Jumat, 24 Februari 2012

SIKAP ANTI PARPOL KIAN MENINGKAT: MASALAH BARU DAN UTAMA ERA REFORMASI

Menjelang Pemilu 2014 kecenderungan sikap anti Parpol di Indonesia kian meningkat. Citra Parpol dimata publik/masyarakat acapkali semakin negatif dan bahkan semakin tidak dipercaya publik. Kemajuan kepartaian dalam bentuk peningkatan secara drastis jumlah dan kualitas sesungguhnya tidak diikuti dengan pelaksanaan fungsi Parpol sebagai sarana terutama pendidikan politik, penciptaan iklim untuk mensejahterakan rakyat dan juga penyaluran aspirasi politik rakyat dalam kebijakan publik sesuai peraturan perundang-undangan.

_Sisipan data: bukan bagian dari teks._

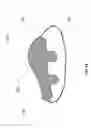Fig. 11 - Rotary arc patella articulating geometry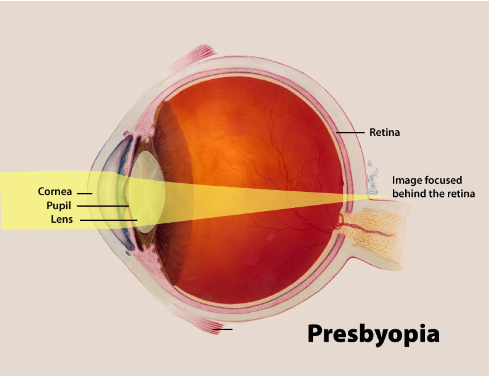What is presbyopia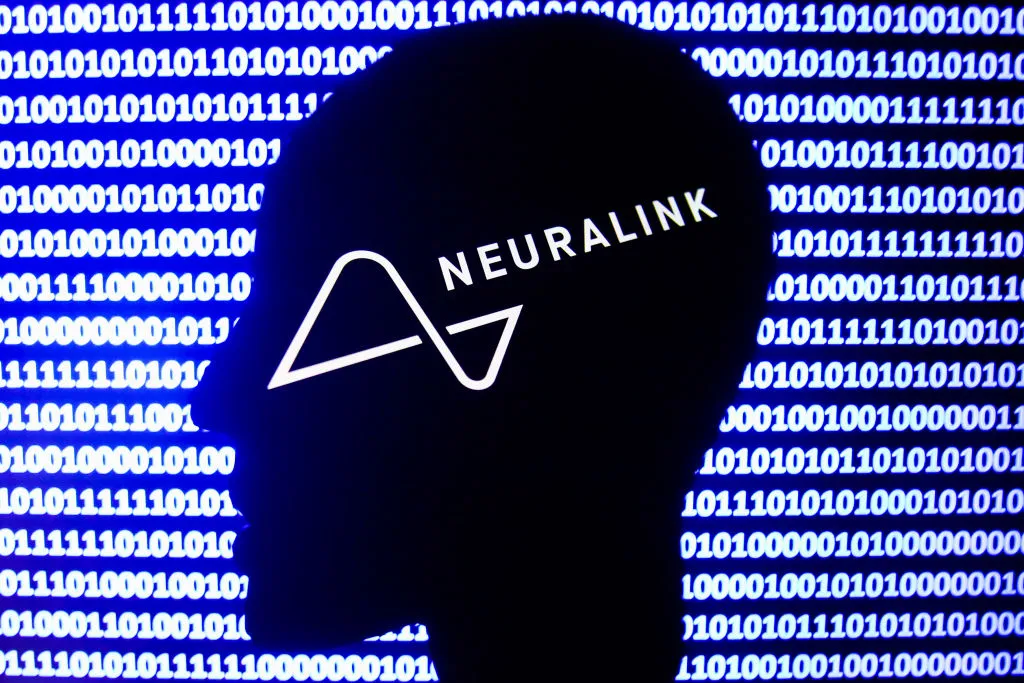 neuralink-implant.webp.0816306a767f8c28897a7a1ccfd1e816.webp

Beberapa hasil survei opini publik tentang kepartaian di dalam era reformasi belakangan ini memperlihatkan realitas obyektif kepartaian semacam itu. Hasil survei Reform Institute, sebagai misal, menunjukkan bahwa tingkat kekurangpuasan publik atas performa Parpol dalam dua tahun belakangan meningkat dari 41 % pada 2009 menjadi 60 % pada 2011. Hasil survei Reform Institute ini juga menunjukkan, sekitar 34 % responden menyatakan bahwa tidak ada manfaat keberadaan Parpol sama sekali bagi kehidupan berbangsa dan bernegara. Di lain fihak, hasil survei opini publik Jaringan Suara Indonesia (JSI) juga menunjukkan ke arah yang sama, yakni 51,4 % responden menyatakan tidak puas dengan kinerja Parpol. Dua hasil survei opini publik tentang keberasaan Parpol tersebut dan beberapa hasil survei sebelumnya mengindikasikan semakin melemahnya citra Parpol di mata publik.

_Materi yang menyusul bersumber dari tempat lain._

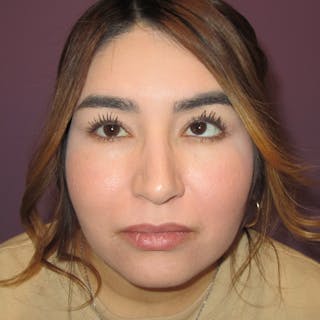 Exotropia Before & After Gallery - Patient 163467 - Image 4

CSIS (Centre fro Strategic and International Studies, 13 Februari 2012 melansir hasil survey secaar acak bertingkat pada 16-24 Januari 2012 terhadap 2.117 responden di 33 Provinsi yang memperlihatkan, penilaian publik terhadap parpol peserta Pemilu 2009 (Kompas, 14 Februari 2012). Kepercayaan terhadap Parpol sangat rendah, yang ditunjuukkan dengan sangat rendahnya dukungan masyarakat terhadap Parpol. Kekecewaan masyarakat semakin melouas dan hanya 24,4 % responden menilai Parpol memiliki kinerja baik. Dukungan terhadap Parpol pun turun dibandingkan dengan Pemilu 2009. Keterikatan terhadap Parpol ditunjukkan sebagai berikut: (a) Pernah Menyumpang Parpol hanay 1,3 %, sementara tidak pernah menyumbang mencapai 98,7%; (b) mengenal wakil di DPR hanya 7,8 %, sementara sebanyak 92,2 % tidak mengenal.Sementara itu, jumlah responden yang belum memutuskan memiloih Parpol (undecided voters) apa menduduki peringkat teratas, yakni 48,4 %.

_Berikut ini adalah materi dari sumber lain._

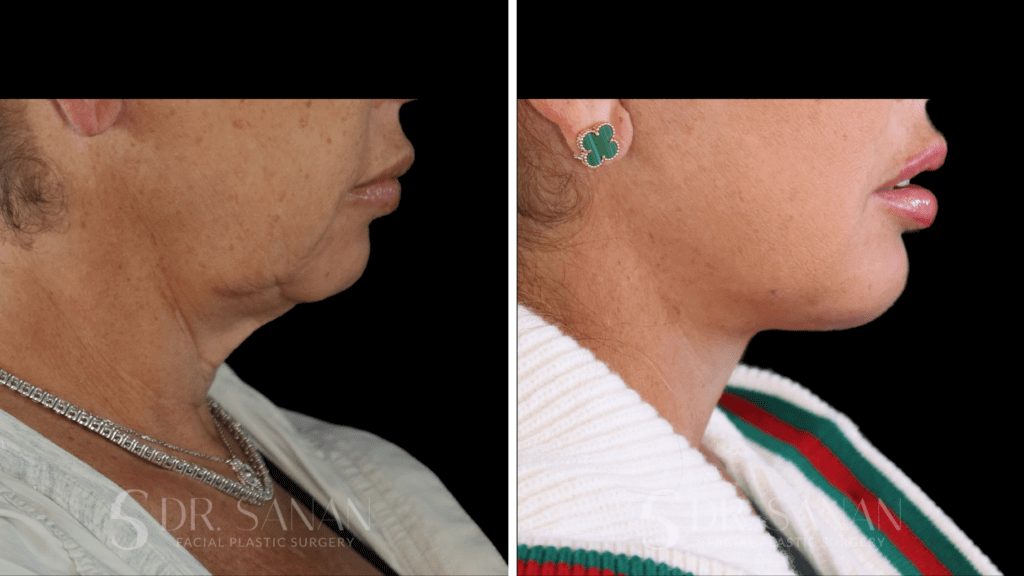 Deep Plane Face & Neck Lift with Chin Augmentation and Fat Grafting. Before & after profile with Dr. Sanan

Sikap anti Parpol dan masyarakat tidak suka (emoh) tehadap Parpol yang semakin menguat belakangan ini dapat dibuktikan dari tingkat Party-identification atau identifikasi terhadap Parpol. Salah satu hasil Jajak Pendapat terkait dengan identifiaksi terhadap Parpol telah dibeberkan oleh Litbang Kompas, diselenggarakan pada 25-27 Mei 2011 (57 Kota) dengan samping error=+/- 3,6 % dan 745 responden. Dari total responden, hanya 18 % pernah ikut diskusi, seminar dan kegiatan seni Parpol, sisanya 82 % tidak pernah. Jumlah responden ikut kampanye Pemilu/Pilkada sebanyak 25,6 % dan tidak pernah 74,3%. Jumlah responden pernah menyumbang “barang” terhadap Parpol hanya 7,2 % , tidak pernah 92,8%. Sedangkan jumlah responden pernah menyumbang “uang” hanya sebesar 7,0%, tidak pernah 93,01% (Kompas, 15 Februari 2012).

Hasil survei lain menunjukkan penilaian publik atas Parpol semakin memburuk atau tidak suka (emoh) terhadap Parpol dapat ditunjukkan juga oleh hasil survei Lembaga Survei Indonesia (LSI) pada 1-12 Februari 2012 berdasarkan multistage random sampling dari 33 Provinsi, 2.050 orang, Margin error +/- 2,2 persen, tingkat kepercayaan 95 persen, wawancara tatap muka, merujuk jumlah parpol pada Pileg 2009.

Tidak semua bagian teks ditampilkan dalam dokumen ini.